Derivation of noisy signal through Savitzky-Golay

28 views (last 30 days)
Thomas Debaucheron on 14 Jul 2024 at 13:55
I want to get an approximation of a noisy signal's second derivative through the use of a Savitzky-Golay differentation matrix. The final goal is to (1) smooth out and (2) drastically downsample the initial signal without losing information. I was inspired for this idea by Jan's post on https://nl.mathworks.com/matlabcentral/answers/1454924-downsample-data-adapively-intelligently where they used the gradient function to determine where the represented data has the strongest curvature and hence where it needs the most points.
The result is pretty much what I hoped for except for the edges of my domain where absent data is assumed to be zero which creates strong gradients across the width of the filter. This issue is not as impactful on the smoothing as it is on the derivation. In fact, function sgolayfilt satisfyingly corrects the edge effect from the straight up use of sgolay as explained in this https://nl.mathworks.com/help/signal/ref/sgolayfilt.html thread.
Then my problem is: how can I similarly resolve this effect on the approximated second derivative? I tried looking into the theory of this but it confuses me a little.
My current solution to the limitations of this filter was to equate the estimated derivative on these data points close to the edges to the closest value I was able to estimate properly. Here is the code I came up with so far:
%sgFilter - Adaptative downsampling using a Savitzky-Golay filter
%
% This MATLAB function uses a Savitzky-Golay differentiation filter in
% order to successively smooth out a signal x(t) and reduce its sample
% size down to n datapoints. An estimate of the 2nd derivative through
% the lens of the filter allows to map out the curvature of the signal
% without concern for the noise and helps identify hotspots needed for
% the accurate representation of the signal after downsampling.
%
% y filtered signal
% y(idx) filtered and sampled signal
% . . . .
% dt uniform step size
% order polynomial regression order
% window filter band width
%
% [y, idx] = sgFilter(x, dt, order, window, n)
function [y, idx] = sgFilter(x, dt, order, window, n)

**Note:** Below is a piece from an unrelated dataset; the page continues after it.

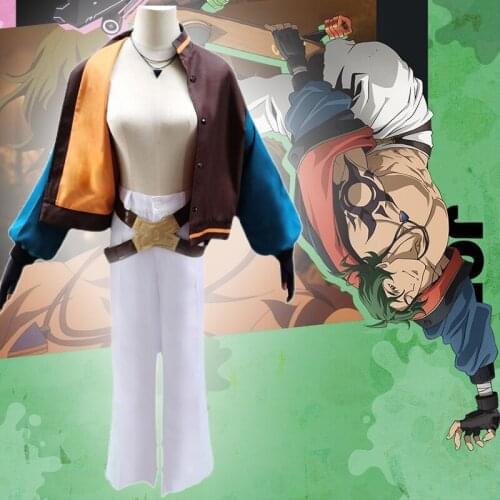 Anime Comic SK8 the Infinity Cosplay Costumes Joe Kojirou Nanjou Cosplay Costume Uniforms Clothes White Suits Wears Casual Full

% -----------------------------------------------------------------------
% Savitzky-Golay differentiation matrices
[b, g] = sgolay(order, window);
m = (window - 1)/2;
% -----------------------------------------------------------------------
% p-th order derivative estimates, i.e. 0: smooth and 2: 2nd derivative
dx = zeros(length(x), 2);
i = 0;
for p = [0, 2]
i = i + 1;
dx(:,i) = conv(x, factorial(p)/(-dt)^p * g(:, p + 1), 'same');
end
% -----------------------------------------------------------------------
% Correction of the edge effect on smoothing
y = dx(:, 1); % Smoothed signal
y(1:m) = b(1:m, :)*x(1:window);
y(end - m + 1:end) = b(window - m + 1:window, :)*x(end - window + 1:end);
dy = dx(:, 2); % Smoothed signal's derivative
dy(1:m) = dy(m + 1);
dy(end - m + 1:end) = dy(end - m);
% -----------------------------------------------------------------------
% Adaptative downsampling, inspired from Jan at <https://nl.mathworks.com
% (17th May 2024).
if nargout > 1
sy = cumsum(abs(dy));
sy = sy + linspace(0, max(sy)/100, numel(sy)).'; % Monotonic increasing
idx = interp1(sy, 1:numel(sy), linspace(sy(1), sy(end), n), 'nearest');
end
And following is a test script I created with this function and the associated result:
% -------------------------------------------------------------------------
% One should note that the success of this method is very dependent on the
% choice of polynomial regression order and window band width. In the
% particular case of periodic signals, the window should be wide enough to
% encompass periods with corresponding polynomial behaviour---e.g. a full
% sin(x) rotation from x to x + 2*pi cannot be represented accurately by a
% polynome of lower degree than 3, nor will it always be advantageous to
% have a degree higher than 3 due to Runge's phenomenon. On this note, one
% should be conscious of the size of the window relative to the overall
% behaviour of the signal.
% -------------------------------------------------------------------------
dt = 0.05;
t = (0:dt:20-1)';
order = 3;
window = 51;
x = 5*sin(2*pi*0.2*t)+0.5*randn(size(t));
[y, idx] = sgFilter(x, dt, order, window, 60);
plot(t, x, '-k')
hold on
plot(t, y, '-r')
plot(t(idx), y(idx), 'ro')
hold off
legend('x','x (smoothed)','x (sampled)')
As you can see, the current band width of the filter is approximately 2.5 long on the horizontal axis and half of that window is impacted by the edge effect with an overrepresentation close to t = 0 and an underrepresentation on the other end.